Chen, Wenwen; Wang, Fang; Zhao, Yuliang; Zhang, Ling; Chen, Zhiwen; Dai, Mingjin.
Affiliation
  • Chen W; Division of Nephrology, Kidney Research Institute, State Key Laboratory of Biotherapy and Cancer Center, Sichuan University West China Hospital, Chengdu, Sichuan, China.
  • Wang F; Department of Nephrology, West China Hospital, Sichuan University/ West China School of Nursing, Sichuan University, Chengdu, Sichuan, China.
  • Zhao Y; Department of Nephrology, Sichuan University West China Hospital, Chengdu, Sichuan, China.
  • Zhang L; Department of Nephrology, Sichuan University West China Hospital, Chengdu, Sichuan, China zhangling_crrt@163.com.
  • Chen Z; Department of Nephrology, West China Hospital, Sichuan University/ West China School of Nursing, Sichuan University, Chengdu, Sichuan, China.
  • Dai M; Department of Nephrology, West China Hospital, Sichuan University/ West China School of Nursing, Sichuan University, Chengdu, Sichuan, China.
BMJ Open ; 11(7): e048015, 2021 07 05.
Article in En | MEDLINE | ID: mdl-34226226
ABSTRACT

INTRODUCTION:

Intradialytic hypotension (IDH) is a frequent and serious complication of maintaining haemodialysis (HD) patients and associated with subsequent cardiovascular events and higher mortality. Furosemide is commonly used in non-dialysis chronic kidney disease patients and can effectively manage the volume and blood pressure. However, these agents are often discontinued on initiation of dialysis. Two large observational studies have demonstrated that furosemide can lower the rate of IDH episodes. However, there is still no randomised controlled trial (RCT) to investigate the efficacy and safety of furosemide for prevention of IDH in HD patients. The purpose of this study was to assess the efficacy of furosemide in reducing IDH in HD patients with residual renal function. METHODS AND

ANALYSIS:

A two-arm, parallel, multicente RCT will be conducted at 12 hospitals in China. An estimated sample of 560 HD patients will be recruited.
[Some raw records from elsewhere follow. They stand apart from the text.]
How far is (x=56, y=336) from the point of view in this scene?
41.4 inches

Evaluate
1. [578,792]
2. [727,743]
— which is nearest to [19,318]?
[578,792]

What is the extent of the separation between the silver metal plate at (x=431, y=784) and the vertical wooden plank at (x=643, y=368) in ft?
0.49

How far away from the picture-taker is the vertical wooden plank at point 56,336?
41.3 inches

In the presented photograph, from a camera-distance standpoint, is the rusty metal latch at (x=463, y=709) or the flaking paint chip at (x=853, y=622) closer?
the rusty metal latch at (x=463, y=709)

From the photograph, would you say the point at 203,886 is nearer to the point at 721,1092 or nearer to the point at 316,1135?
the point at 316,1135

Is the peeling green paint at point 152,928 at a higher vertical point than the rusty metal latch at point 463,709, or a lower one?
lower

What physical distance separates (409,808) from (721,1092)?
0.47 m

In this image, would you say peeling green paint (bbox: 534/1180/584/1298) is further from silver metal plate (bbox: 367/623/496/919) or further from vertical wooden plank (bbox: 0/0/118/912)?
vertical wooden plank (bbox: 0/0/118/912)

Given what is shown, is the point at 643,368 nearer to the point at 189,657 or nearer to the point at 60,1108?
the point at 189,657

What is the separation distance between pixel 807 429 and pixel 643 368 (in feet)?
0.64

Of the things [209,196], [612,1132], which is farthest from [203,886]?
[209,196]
Eligible patients will be randomly assigned to treatment group (patients receive oral furosemide 80 mg/day; after a 2-week treatment, if their urine volume is less than 400 mL/day, the dose of furosemide is adjusted to 160 mg/day) and blank control group via a central randomisation system using 11 ratio. The primary outcome is the occurrence of IDH. Outcome assessors and data analysts will be blinded and participants will be asked not to reveal their allocation to assessors. The outcome analyses will be performed both on the intention-to-treat, which includes all patients randomised, and per-protocol population, which includes eligible patients who adhere to the planned treatment and follow-ups. ETHICS AND DISSEMINATION The trial protocol has been approved by the Biomedical Research Ethics Committee of West China Hospital of Sichuan University (2019.385)Results will be presented at national and international conferences and published in peer-reviewed journals. TRIAL REGISTRATION NUMBER ChiCTR2000039724.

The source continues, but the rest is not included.